----- Data to use -----
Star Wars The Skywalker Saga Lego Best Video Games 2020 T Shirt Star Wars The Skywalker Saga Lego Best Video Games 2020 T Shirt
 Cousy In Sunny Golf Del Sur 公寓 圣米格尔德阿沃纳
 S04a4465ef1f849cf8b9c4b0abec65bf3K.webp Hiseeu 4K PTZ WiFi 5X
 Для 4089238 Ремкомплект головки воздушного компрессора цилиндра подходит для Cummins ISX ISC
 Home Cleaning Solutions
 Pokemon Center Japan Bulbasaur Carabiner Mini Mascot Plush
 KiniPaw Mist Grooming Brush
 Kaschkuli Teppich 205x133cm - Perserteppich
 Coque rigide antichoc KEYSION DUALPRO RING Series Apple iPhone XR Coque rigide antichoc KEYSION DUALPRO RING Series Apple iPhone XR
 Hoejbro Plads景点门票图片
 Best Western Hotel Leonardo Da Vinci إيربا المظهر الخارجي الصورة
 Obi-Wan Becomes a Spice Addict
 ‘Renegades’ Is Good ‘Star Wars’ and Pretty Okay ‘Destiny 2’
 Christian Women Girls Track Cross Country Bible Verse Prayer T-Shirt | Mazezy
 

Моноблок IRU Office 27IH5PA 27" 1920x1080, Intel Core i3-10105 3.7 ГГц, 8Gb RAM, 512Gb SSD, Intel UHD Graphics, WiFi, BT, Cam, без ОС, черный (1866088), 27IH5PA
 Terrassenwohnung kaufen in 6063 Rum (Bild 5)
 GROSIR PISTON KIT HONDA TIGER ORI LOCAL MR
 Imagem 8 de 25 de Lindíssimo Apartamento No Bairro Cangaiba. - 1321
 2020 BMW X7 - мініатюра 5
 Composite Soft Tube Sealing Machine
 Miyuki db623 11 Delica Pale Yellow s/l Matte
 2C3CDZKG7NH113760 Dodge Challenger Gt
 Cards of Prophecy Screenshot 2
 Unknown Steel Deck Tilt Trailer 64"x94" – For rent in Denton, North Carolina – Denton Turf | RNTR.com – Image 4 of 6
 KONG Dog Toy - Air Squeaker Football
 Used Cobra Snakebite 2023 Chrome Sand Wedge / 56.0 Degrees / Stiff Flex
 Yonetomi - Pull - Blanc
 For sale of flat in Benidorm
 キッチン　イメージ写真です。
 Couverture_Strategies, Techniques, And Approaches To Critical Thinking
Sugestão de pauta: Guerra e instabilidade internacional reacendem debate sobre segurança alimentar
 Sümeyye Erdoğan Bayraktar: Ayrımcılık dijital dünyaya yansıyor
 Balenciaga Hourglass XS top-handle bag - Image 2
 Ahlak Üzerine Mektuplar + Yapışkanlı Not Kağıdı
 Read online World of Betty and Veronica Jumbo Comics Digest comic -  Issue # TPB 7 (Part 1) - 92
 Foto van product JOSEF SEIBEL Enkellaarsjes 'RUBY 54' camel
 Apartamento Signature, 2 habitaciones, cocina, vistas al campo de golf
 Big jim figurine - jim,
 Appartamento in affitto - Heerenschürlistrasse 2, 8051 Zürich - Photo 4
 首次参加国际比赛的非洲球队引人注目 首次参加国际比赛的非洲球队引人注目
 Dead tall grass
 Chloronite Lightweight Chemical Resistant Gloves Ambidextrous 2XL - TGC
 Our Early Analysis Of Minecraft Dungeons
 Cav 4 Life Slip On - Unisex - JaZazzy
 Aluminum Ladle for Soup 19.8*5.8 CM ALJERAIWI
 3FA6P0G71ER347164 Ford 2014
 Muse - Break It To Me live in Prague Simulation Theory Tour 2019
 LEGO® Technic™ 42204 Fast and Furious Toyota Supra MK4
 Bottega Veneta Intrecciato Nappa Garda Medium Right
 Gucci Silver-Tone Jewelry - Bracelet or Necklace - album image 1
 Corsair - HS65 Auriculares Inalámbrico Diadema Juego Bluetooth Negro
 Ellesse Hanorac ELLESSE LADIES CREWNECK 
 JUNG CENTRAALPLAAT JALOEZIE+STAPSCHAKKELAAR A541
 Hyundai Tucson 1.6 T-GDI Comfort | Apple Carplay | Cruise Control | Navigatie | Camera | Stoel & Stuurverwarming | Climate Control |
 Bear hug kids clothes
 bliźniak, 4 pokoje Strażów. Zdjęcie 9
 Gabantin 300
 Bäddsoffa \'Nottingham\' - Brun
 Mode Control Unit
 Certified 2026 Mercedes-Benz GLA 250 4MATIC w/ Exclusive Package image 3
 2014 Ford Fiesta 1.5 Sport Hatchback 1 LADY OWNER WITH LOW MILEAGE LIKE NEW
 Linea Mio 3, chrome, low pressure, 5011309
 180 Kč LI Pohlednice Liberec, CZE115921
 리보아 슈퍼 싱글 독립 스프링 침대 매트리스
-----
What the task asks: Could you repeat exactly the lines in the listing above from the one with "Cousy In Sunny Golf Del Sur 公寓 圣米格尔德阿沃纳" down to the one with "Ahlak Üzerine Mektuplar"? Include both of those lines.

Task output:
 Cousy In Sunny Golf Del Sur 公寓 圣米格尔德阿沃纳
 S04a4465ef1f849cf8b9c4b0abec65bf3K.webp Hiseeu 4K PTZ WiFi 5X
 Для 4089238 Ремкомплект головки воздушного компрессора цилиндра подходит для Cummins ISX ISC
 Home Cleaning Solutions
 Pokemon Center Japan Bulbasaur Carabiner Mini Mascot Plush
 KiniPaw Mist Grooming Brush
 Kaschkuli Teppich 205x133cm - Perserteppich
 Coque rigide antichoc KEYSION DUALPRO RING Series Apple iPhone XR Coque rigide antichoc KEYSION DUALPRO RING Series Apple iPhone XR
 Hoejbro Plads景点门票图片
 Best Western Hotel Leonardo Da Vinci إيربا المظهر الخارجي الصورة
 Obi-Wan Becomes a Spice Addict
 ‘Renegades’ Is Good ‘Star Wars’ and Pretty Okay ‘Destiny 2’
 Christian Women Girls Track Cross Country Bible Verse Prayer T-Shirt | Mazezy
 

Моноблок IRU Office 27IH5PA 27" 1920x1080, Intel Core i3-10105 3.7 ГГц, 8Gb RAM, 512Gb SSD, Intel UHD Graphics, WiFi, BT, Cam, без ОС, черный (1866088), 27IH5PA
 Terrassenwohnung kaufen in 6063 Rum (Bild 5)
 GROSIR PISTON KIT HONDA TIGER ORI LOCAL MR
 Imagem 8 de 25 de Lindíssimo Apartamento No Bairro Cangaiba. - 1321
 2020 BMW X7 - мініатюра 5
 Composite Soft Tube Sealing Machine
 Miyuki db623 11 Delica Pale Yellow s/l Matte
 2C3CDZKG7NH113760 Dodge Challenger Gt
 Cards of Prophecy Screenshot 2
 Unknown Steel Deck Tilt Trailer 64"x94" – For rent in Denton, North Carolina – Denton Turf | RNTR.com – Image 4 of 6
 KONG Dog Toy - Air Squeaker Football
 Used Cobra Snakebite 2023 Chrome Sand Wedge / 56.0 Degrees / Stiff Flex
 Yonetomi - Pull - Blanc
 For sale of flat in Benidorm
 キッチン　イメージ写真です。
 Couverture_Strategies, Techniques, And Approaches To Critical Thinking
Sugestão de pauta: Guerra e instabilidade internacional reacendem debate sobre segurança alimentar
 Sümeyye Erdoğan Bayraktar: Ayrımcılık dijital dünyaya yansıyor
 Balenciaga Hourglass XS top-handle bag - Image 2
 Ahlak Üzerine Mektuplar + Yapışkanlı Not Kağıdı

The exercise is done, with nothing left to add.